Чтобы более не упоминать о своих невзгодах, укажу, что жилось долгое время в Ярцеве скудно: приходилось и в немилостивые енисейские морозы щеголять в драповом стареньком пальто, не было и теплой обуви, заработка не всегда хватало на самый непритязательный стол и оплату квартиры. Поселен я был в отгороженном тесовой перегородкой закутке избы доярки Анисьи, уведшей меня из комендатуры. Была Анисья вдовой, невесть как колотившейся с малолетними детьми. Убедившись, что ни пастьба лошадей, ни подряды на топорные строительные работы не способны мало-мальски обеспечить, я пытался восстановить порванные связи с московскими издательствами, разумеется, через подставных лиц. Мечтал, как одержимый, о двух листах переводов в месяц: они дали бы мне впятеро больше, чем я мог выколотить из неподатливых сибирских работодателей. Но тут меня постигло одно из самых тяжких когда-либо доставшихся на мою долю огорчений. Почта доставила мне письмо дочери — ее матери не было в ту пору в Москве, — написанное как бы от лица и всех прочих родичей, в котором четко стояло, что трудно живется теперь всем, у каждого своих забот по горло, так что мне не следует прибавлять тяжести хлопотами о себе: всякий должен устраиваться как может. "Так что не обессудь, заключала она едва не сразившее меня послание, — а помогай себе сам, как умеешь…" Что ж, заботы обо мне и впрямь длились уже третье десятилетие, пора было, как говорят, и честь знать!

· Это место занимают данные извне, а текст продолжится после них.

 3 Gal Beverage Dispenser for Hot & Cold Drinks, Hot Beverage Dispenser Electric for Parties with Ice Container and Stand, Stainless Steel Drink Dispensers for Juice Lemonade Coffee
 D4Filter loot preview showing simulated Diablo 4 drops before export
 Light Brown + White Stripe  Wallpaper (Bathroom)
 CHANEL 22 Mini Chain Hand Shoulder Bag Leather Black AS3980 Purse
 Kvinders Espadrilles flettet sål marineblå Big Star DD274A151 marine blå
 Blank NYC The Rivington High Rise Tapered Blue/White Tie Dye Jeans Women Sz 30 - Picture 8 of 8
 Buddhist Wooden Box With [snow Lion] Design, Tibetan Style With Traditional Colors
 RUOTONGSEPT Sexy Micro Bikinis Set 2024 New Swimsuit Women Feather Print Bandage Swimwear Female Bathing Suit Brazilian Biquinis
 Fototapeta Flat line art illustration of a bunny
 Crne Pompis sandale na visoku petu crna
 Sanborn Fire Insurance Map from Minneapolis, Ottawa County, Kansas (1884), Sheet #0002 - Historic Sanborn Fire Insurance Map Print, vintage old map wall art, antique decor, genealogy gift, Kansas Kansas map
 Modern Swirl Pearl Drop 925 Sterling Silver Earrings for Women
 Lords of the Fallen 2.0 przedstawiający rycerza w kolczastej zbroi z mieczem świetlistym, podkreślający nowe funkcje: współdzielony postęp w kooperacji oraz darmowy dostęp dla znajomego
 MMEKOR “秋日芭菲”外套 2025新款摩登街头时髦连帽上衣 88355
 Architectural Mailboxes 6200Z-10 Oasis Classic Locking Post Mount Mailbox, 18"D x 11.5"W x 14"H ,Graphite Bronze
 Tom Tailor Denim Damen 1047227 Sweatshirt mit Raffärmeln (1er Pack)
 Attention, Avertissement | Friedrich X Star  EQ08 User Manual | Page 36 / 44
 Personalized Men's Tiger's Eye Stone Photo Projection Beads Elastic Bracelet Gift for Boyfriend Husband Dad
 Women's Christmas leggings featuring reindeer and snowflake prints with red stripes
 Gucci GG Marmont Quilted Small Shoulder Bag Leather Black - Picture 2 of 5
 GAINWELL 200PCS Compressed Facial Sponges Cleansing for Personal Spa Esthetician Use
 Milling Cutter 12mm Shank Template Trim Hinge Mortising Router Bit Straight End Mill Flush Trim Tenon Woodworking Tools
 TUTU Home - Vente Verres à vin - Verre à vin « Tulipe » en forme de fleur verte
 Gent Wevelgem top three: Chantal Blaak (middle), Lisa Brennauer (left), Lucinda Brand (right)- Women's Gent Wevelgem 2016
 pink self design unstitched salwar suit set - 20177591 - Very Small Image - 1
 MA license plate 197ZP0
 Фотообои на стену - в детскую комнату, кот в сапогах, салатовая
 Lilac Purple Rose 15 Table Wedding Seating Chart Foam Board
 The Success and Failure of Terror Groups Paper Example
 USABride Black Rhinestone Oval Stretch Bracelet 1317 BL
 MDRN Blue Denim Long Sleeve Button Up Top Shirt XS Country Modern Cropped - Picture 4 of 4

По счастью, у меня завелись друзья в Ярцеве, они и выручали. Никогда не забуду, как мою каморку — я лежал с высокой температурой — заполонила богатырская фигура доктора Румянцева. Он посидел, ободрил, выложил на стол какие-то лекарства, а потом, смущаясь, и завернутый в бумагу кирпичик белого хлеба: "Шел мимо пекарни, прихватил, еще горячий, вам нельзя сейчас выходить…" — и поторопился уйти. Владимир Георгиевич Бер, попавший в Ярцево после десяти лет тайшетской каторги — петербуржец, мой ровесник, ученый-энтомолог, с которым мы впоследствии коротко и дружески сошлись, принес мне сшитые из овчин чулки; Свентицкие (к Сергею Владимировичу приехала жена — дочь моего соловецкого знакомого Буевского) по воскресеньям угощали меня обедом…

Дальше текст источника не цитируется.